KBBI memberikan batasan istilah, di mana aristokrat adalah  penganut cita-cita kenegaraan yang berpendapat bahwa negara harus diperintah olehkaum bangsawan (orang kaya dan orang yang tinggi martabatnya). Hal yang sangat lekat dalam adat budaya dan  kebiasaan bangsa ini, di mana dominasi adalah orang Jawa yang hidup dalam alam kerajaan.
Penjajahan yang membawa warna dan ciri militeristik bertemu dengan budaya feodalisme dalam model kerajaan.  Darah biru dulu menjadi segalanya, pewaris dan jelas akan menduduki posisi penting. Tidak heran di era  modern  ini pun jual beli gelar dari beberapa keraton masih dipakai. Sudah dari sononya mendarah daging.

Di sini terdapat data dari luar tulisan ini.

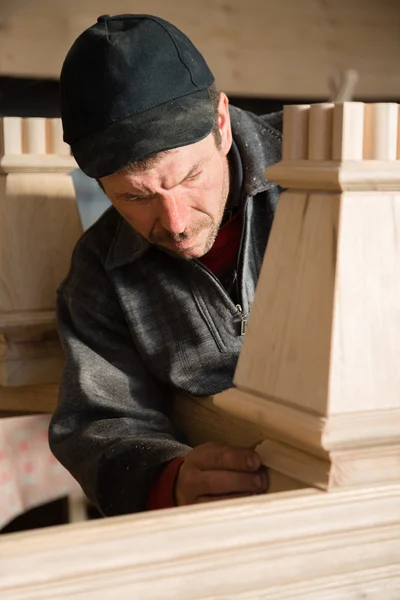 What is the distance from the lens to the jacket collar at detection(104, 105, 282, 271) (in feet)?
5.20

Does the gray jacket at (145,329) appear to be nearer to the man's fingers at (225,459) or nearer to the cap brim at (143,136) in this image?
the cap brim at (143,136)

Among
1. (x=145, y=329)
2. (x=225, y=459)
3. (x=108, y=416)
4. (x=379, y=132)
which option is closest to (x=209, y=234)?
(x=145, y=329)

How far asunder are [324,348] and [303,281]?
77 mm

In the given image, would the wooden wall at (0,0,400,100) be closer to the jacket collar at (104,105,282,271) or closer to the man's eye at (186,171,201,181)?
the jacket collar at (104,105,282,271)

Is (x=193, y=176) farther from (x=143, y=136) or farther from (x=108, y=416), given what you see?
(x=108, y=416)

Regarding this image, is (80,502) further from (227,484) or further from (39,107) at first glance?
(39,107)

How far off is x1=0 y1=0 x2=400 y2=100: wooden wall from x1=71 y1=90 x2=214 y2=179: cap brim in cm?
120

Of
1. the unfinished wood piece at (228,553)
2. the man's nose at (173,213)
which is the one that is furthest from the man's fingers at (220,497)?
the man's nose at (173,213)

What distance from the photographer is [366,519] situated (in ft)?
2.96

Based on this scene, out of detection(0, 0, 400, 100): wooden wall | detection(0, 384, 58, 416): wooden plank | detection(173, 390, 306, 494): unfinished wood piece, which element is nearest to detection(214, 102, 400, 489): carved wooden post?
detection(173, 390, 306, 494): unfinished wood piece

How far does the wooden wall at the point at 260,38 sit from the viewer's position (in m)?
2.45

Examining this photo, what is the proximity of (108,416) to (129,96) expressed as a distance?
61 centimetres

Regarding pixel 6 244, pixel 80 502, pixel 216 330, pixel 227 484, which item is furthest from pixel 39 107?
pixel 227 484

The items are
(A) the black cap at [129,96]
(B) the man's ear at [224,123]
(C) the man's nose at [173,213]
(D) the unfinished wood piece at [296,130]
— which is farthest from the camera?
(B) the man's ear at [224,123] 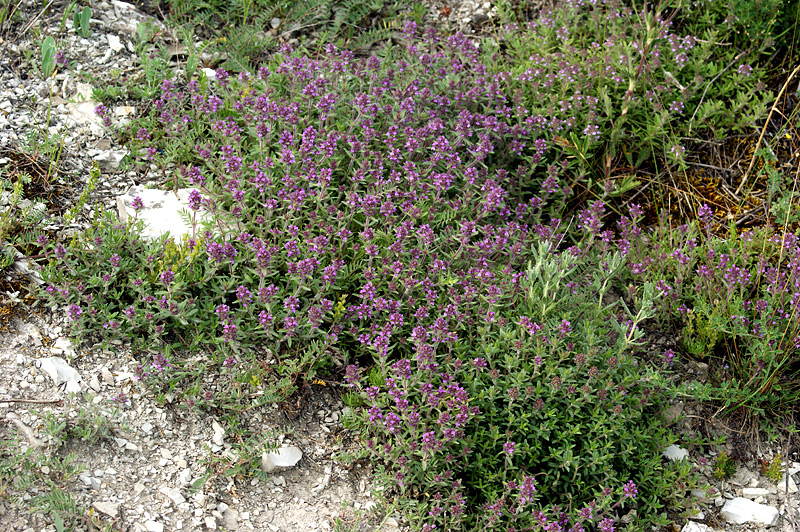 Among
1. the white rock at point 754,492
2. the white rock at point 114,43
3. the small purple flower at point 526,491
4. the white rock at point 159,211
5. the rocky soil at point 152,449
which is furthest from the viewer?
the white rock at point 114,43

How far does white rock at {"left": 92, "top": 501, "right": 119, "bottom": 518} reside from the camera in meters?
3.33

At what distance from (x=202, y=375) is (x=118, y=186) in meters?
1.61

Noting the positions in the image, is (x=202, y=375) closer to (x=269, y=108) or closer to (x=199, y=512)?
(x=199, y=512)

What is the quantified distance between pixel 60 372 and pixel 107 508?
0.85 metres

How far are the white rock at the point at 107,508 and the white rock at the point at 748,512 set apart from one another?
342 centimetres

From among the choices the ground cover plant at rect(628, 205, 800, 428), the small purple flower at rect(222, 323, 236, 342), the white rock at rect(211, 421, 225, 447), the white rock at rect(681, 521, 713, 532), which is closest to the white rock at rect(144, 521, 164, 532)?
the white rock at rect(211, 421, 225, 447)

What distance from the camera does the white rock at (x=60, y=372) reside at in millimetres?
3744

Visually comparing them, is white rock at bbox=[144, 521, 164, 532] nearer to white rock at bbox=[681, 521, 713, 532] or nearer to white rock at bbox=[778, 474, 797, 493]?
white rock at bbox=[681, 521, 713, 532]

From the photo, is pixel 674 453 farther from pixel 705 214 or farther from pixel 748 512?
pixel 705 214

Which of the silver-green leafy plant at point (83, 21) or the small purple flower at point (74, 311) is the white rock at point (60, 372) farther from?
the silver-green leafy plant at point (83, 21)

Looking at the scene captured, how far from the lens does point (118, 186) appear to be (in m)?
4.80

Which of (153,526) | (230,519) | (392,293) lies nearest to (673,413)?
(392,293)

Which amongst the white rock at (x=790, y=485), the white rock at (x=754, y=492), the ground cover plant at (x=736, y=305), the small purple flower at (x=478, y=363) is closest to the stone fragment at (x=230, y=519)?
the small purple flower at (x=478, y=363)

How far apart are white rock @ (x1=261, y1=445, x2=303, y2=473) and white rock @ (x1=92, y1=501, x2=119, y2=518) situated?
0.78 metres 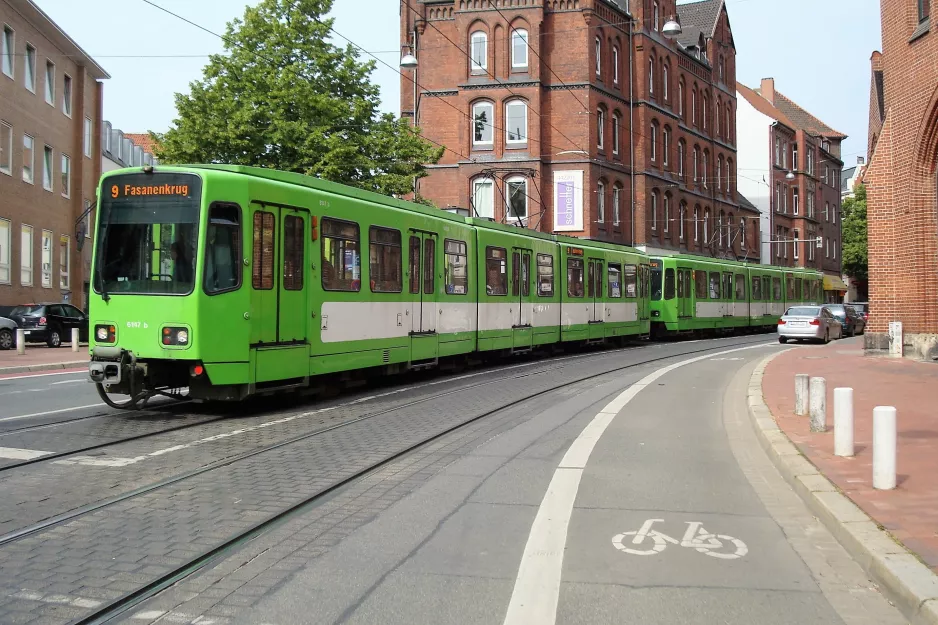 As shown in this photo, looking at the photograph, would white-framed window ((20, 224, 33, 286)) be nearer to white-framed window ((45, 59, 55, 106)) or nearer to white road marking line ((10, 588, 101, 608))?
white-framed window ((45, 59, 55, 106))

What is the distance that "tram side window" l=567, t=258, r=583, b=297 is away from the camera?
2489 cm

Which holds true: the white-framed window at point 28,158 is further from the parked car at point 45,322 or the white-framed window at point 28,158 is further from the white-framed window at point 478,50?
the white-framed window at point 478,50

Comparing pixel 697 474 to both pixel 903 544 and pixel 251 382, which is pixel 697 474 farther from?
pixel 251 382

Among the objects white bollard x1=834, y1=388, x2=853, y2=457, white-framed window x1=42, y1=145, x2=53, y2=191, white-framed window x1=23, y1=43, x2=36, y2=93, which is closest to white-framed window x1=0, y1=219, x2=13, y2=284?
white-framed window x1=42, y1=145, x2=53, y2=191

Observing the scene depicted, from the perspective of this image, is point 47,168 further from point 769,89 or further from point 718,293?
point 769,89

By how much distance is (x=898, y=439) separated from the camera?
8.98 meters

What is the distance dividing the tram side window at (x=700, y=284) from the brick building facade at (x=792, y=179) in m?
32.9

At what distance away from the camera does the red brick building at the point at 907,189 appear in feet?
63.9

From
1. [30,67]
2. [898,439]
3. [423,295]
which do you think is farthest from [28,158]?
[898,439]

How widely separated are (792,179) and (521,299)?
5719 centimetres

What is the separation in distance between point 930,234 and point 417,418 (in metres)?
14.0

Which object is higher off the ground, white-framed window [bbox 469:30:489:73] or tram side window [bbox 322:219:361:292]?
white-framed window [bbox 469:30:489:73]

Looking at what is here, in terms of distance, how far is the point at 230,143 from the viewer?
3147 centimetres

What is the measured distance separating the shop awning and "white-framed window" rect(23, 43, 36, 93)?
61.6 metres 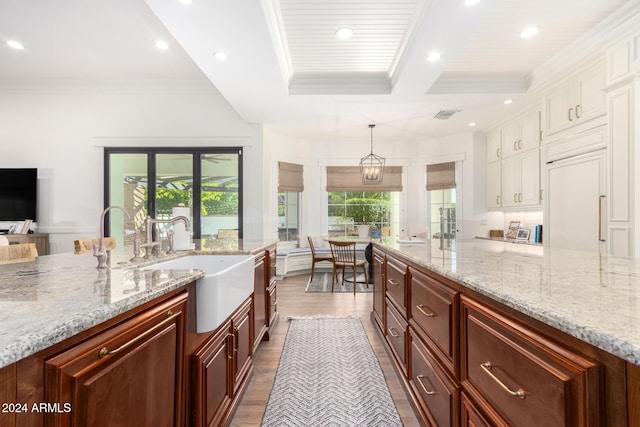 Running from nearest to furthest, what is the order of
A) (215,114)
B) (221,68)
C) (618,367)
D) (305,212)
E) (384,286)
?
(618,367), (384,286), (221,68), (215,114), (305,212)

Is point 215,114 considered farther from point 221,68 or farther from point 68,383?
point 68,383

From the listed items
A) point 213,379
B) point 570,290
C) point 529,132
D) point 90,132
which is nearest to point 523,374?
point 570,290

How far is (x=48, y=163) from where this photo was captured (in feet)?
15.7

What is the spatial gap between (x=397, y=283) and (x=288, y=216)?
418 cm

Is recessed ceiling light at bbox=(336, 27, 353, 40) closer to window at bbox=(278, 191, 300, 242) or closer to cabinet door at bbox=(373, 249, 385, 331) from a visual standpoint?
cabinet door at bbox=(373, 249, 385, 331)

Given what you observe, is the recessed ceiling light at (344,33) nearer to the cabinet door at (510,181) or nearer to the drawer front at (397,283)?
the drawer front at (397,283)

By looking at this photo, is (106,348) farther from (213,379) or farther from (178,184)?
(178,184)

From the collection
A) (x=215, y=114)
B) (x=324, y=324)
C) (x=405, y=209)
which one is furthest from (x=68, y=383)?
(x=405, y=209)

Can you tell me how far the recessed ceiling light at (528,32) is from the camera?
283 cm

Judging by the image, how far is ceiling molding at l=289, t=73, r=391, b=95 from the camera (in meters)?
3.74

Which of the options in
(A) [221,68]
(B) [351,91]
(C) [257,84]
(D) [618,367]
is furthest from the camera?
(B) [351,91]

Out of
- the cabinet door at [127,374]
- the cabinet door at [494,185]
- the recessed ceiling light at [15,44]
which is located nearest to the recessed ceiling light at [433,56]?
the cabinet door at [494,185]

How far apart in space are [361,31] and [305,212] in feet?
12.5

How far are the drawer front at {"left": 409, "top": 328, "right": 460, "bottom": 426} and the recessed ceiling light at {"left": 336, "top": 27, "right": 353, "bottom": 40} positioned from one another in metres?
2.64
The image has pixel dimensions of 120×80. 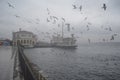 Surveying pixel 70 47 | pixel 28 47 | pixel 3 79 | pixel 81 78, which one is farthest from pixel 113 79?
pixel 70 47

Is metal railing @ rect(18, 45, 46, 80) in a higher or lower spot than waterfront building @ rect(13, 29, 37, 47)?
lower

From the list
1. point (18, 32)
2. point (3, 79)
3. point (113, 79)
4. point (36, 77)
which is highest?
point (18, 32)

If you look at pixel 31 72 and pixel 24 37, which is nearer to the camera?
pixel 31 72

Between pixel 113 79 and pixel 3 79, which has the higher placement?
pixel 3 79

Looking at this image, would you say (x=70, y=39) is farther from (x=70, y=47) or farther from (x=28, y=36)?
(x=28, y=36)

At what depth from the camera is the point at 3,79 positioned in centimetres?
1377

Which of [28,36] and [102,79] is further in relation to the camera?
[28,36]

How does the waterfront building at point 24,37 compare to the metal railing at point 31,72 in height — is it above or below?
above

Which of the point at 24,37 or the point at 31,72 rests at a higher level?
the point at 24,37

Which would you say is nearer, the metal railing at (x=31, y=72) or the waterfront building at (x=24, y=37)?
the metal railing at (x=31, y=72)

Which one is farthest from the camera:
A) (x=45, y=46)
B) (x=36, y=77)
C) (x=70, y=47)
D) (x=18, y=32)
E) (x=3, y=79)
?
(x=45, y=46)

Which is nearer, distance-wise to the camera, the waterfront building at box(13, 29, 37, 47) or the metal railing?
the metal railing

Tentu ada pergeseran di mana aristokrasi ini tidak hanya kebangsawanan dan trah keraton yang bisa menguasai sebuah jabatan. Salah satu ciri aristokrat adalah pejabat militer. Khas Orba banget di mana tentara bisa menjadi apa saja. Bintara menjadi kepala desa, bupati-walikota itu letnan kolonel, gubernur itu bintang dua, atau mayor jenderal atau bintang tiga seperti DKI, menteri berarti bintang empat atau tiga dengan kualifikasi khusus. Â Khususnya angkatan darat, masuk AKABRI berarti jaminan bisa menjadi apapun. Kala itu.
Ciri-ciri aristokrat sebenarnya sangat kental dalam perilaku berbangsa di negera ini. Bagaimana kebangggaan akan koneksi, kenalan atau memiliki saudara berpangkat, akan menjadi jaminan ikut enak. Maka bisa terjadi jual beli gelar di keraton. Ini memang bukan lagi sebuah nama besar dan kebanggaan era ini, namun dua puluh hingga empat puluh tahun lalu itu sebuah prestasi.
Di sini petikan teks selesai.